COS 6-8 - Remotely sensing forest functional traits to assess scale-dependent functional diversity

Monday, August 7, 2017: 4:00 PM
C125-126, Oregon Convention Center
Fabian D. Schneider1, Bernhard Schmid2, Owen L. Petchey2, Felix Morsdorf1 and Michael E. Schaepman1, (1)Department of Geography, University of Zurich, Zurich, Switzerland, (2)Department of Evolutionary Biology and Environmental Studies, University of Zurich, Zurich, Switzerland
Background/Question/Methods

Forest functional traits build the foundation to describe diversity patterns and offer a mechanistic link between ecological processes and community structure. However, it remains difficult to assess functional diversity at global scale, in part due to the limitations of in-situ measurements and geo-referencing in forest ecosystems. We present a novel methodological approach using data from remote sensing and relating these to field measurements in a test region. Based on the results of this study, the developed methodology can be used to assess functional diversity and diversity-area relationships on broad spatial scales.

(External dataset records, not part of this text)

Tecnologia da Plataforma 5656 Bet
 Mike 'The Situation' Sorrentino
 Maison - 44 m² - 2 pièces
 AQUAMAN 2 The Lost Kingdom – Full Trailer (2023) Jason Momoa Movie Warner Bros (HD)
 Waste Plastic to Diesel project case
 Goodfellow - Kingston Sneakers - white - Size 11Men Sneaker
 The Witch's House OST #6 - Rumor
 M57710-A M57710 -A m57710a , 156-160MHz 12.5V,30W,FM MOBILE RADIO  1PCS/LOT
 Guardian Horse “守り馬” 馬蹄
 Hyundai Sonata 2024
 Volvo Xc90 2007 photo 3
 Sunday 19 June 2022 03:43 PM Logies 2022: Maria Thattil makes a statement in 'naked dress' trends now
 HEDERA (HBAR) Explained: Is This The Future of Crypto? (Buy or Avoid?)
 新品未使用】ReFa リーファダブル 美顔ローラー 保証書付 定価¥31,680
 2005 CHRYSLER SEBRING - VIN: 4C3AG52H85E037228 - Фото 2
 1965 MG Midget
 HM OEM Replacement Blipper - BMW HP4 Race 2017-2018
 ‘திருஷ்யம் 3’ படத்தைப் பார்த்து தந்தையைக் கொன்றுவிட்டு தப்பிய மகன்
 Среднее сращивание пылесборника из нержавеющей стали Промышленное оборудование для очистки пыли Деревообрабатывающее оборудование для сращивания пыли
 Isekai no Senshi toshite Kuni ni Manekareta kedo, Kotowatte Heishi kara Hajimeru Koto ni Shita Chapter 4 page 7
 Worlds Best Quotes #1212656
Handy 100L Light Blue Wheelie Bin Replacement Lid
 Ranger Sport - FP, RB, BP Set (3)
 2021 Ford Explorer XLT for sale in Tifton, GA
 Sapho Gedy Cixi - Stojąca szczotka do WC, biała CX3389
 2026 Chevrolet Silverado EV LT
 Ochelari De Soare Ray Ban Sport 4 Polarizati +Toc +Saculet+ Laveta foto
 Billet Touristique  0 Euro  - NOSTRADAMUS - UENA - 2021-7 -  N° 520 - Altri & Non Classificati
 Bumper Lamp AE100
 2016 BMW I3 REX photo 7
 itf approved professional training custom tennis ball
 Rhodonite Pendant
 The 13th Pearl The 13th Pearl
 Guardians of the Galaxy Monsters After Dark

We retrieved three physiological (leaf chlorophylls, carotenoids and water concentration) and three morphological traits (canopy height, layering and density) using airborne imaging spectroscopy and airborne laser scanning, respectively, over the 900 ha of temperate mixed forest covering the test region. We then assessed functional richness, divergence and evenness, representing three different aspects of functional diversity, at spatial scales from 0.05-327 ha and tested for trait convergence or divergence at the different scales.

Results/Conclusions

Remotely sensed functional traits correlated with field measurements (r2of 0.5 to 0.9) and were in agreement with community-weighted means of the functional trait database TRY. Our results show similar patterns of physiological and morphological diversity, underlining the stability of two independent measurement techniques to assess functional diversity. Among functional richness, divergence and evenness, we found functional richness to best represent scale-dependent functional diversity. Communities were predominantly structured by trait convergence at all observed scales. Most pronounced trait convergence could be observed on a mountain ridge, where low functional richness coincided with significantly different abiotic conditions regarding topography, radiation and soil. High functional richness was related to the occurrence of disturbed areas and mixtures of tree functional groups.

With the emergence of the concept of ecosystem services, urgent need arises from conservation requirements and stakeholders to better quantify and map functional diversity over entire landscapes. By combining imaging spectroscopy and laser guided diversity mapping with dynamic vegetation models, we will be able to establish the link from functional traits and diversity to ecosystem functioning and services. Ultimately, this will considerably improve predictive ecology.